══ Dataset extract ══
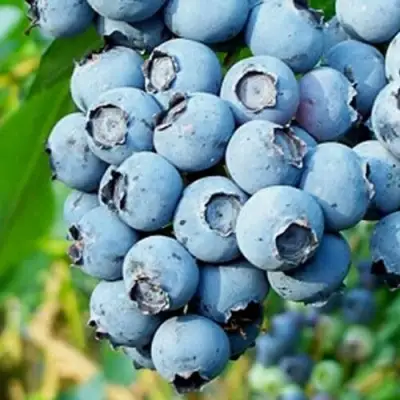 Голубика БРИГИТТА БЛЮ в Жодино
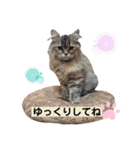 わかちゃんとふくちゃん（個別スタンプ：15）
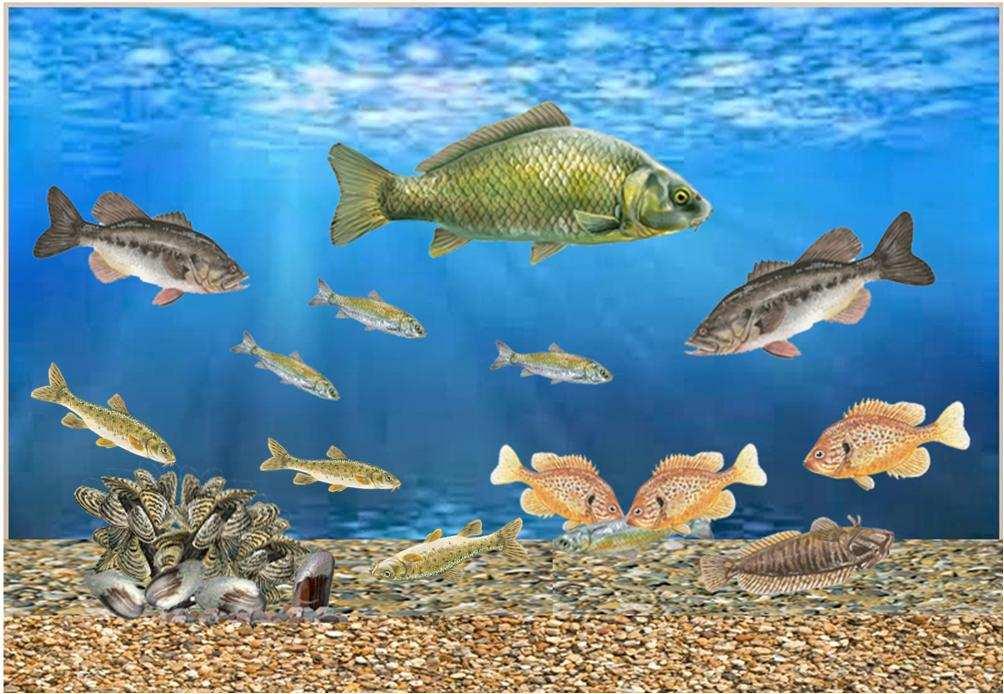 Pàg.. Observa el dibuix de la fauna que viu en un riu i identifica cada un dels peixos que hi són representats: 8 Núm.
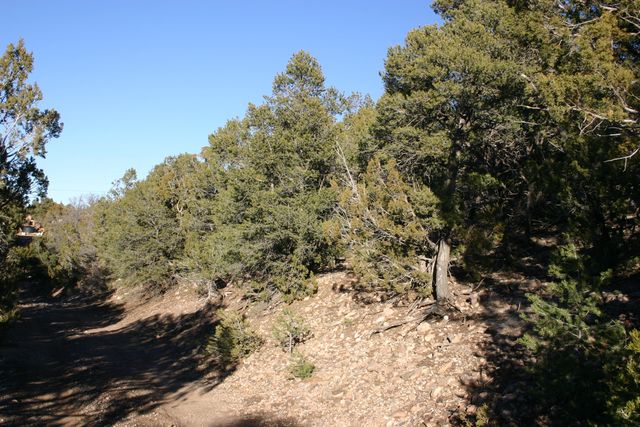 30 Puntilla Drive, Tijeras, NM 87059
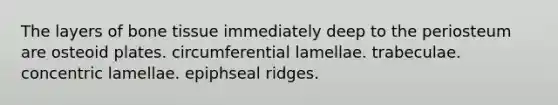 The layers of bone tissue immediately deep to the periosteum are osteoid plates. circumferential lamellae. trabeculae. concentric lamellae. epiphseal ridges.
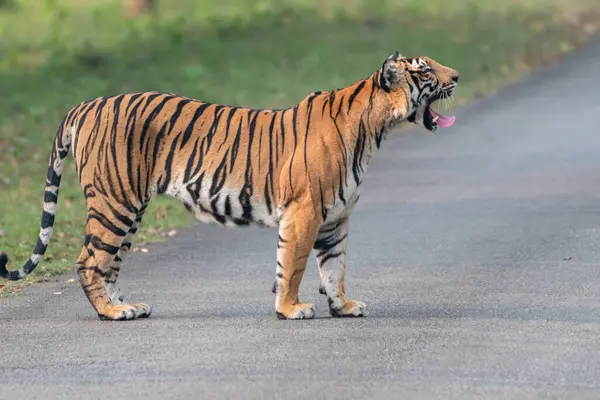 Hindistan, Kabini 'de bir orman yolunda ağzı kükreyerek duran bir Bengal kaplanı. Kaplanın turuncu paltosu ve siyah çizgileri doğal zemin üzerinde çarpıcı bir kontrast oluşturur..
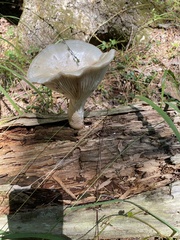 Neolentinus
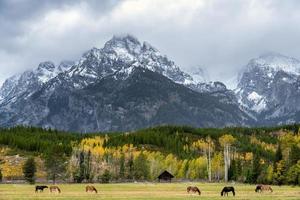 Donkeys in a field in Grand Teton National Park photo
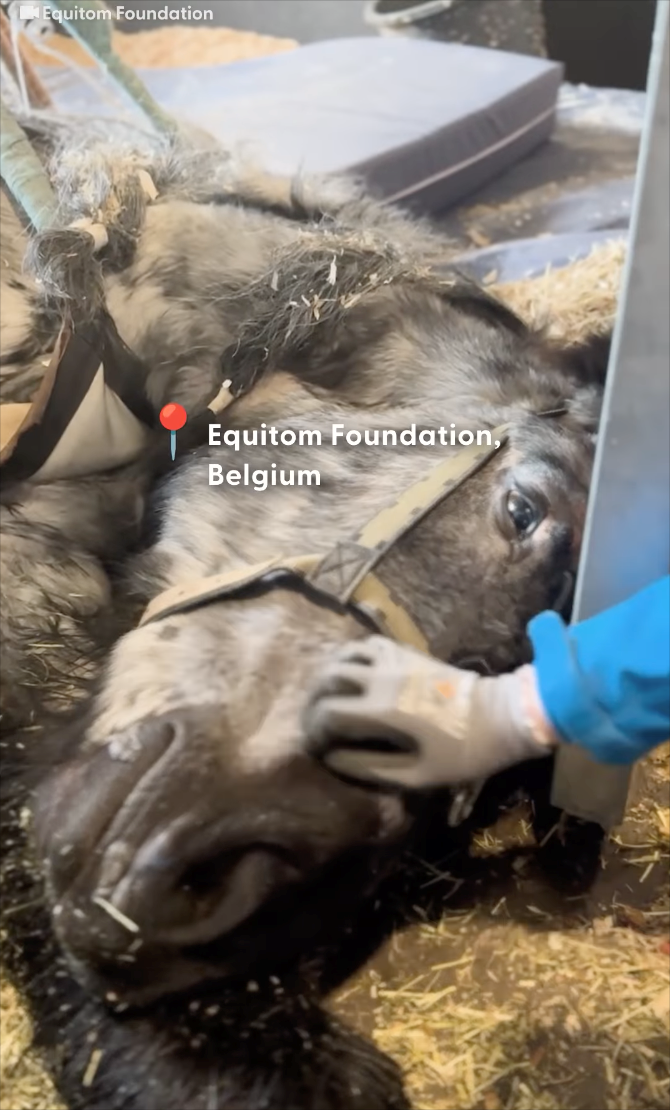 Equitom Foundation Equitom Foundation, Belgium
═══
All of the entries above need to be transcribed exactly, except for the pictures.

 Голубика БРИГИТТА БЛЮ в Жодино
 わかちゃんとふくちゃん（個別スタンプ：15）
 Pàg.. Observa el dibuix de la fauna que viu en un riu i identifica cada un dels peixos que hi són representats: 8 Núm.
 30 Puntilla Drive, Tijeras, NM 87059
 The layers of bone tissue immediately deep to the periosteum are osteoid plates. circumferential lamellae. trabeculae. concentric lamellae. epiphseal ridges.
 Hindistan, Kabini 'de bir orman yolunda ağzı kükreyerek duran bir Bengal kaplanı. Kaplanın turuncu paltosu ve siyah çizgileri doğal zemin üzerinde çarpıcı bir kontrast oluşturur..
 Neolentinus
 Donkeys in a field in Grand Teton National Park photo
 Equitom Foundation Equitom Foundation, Belgium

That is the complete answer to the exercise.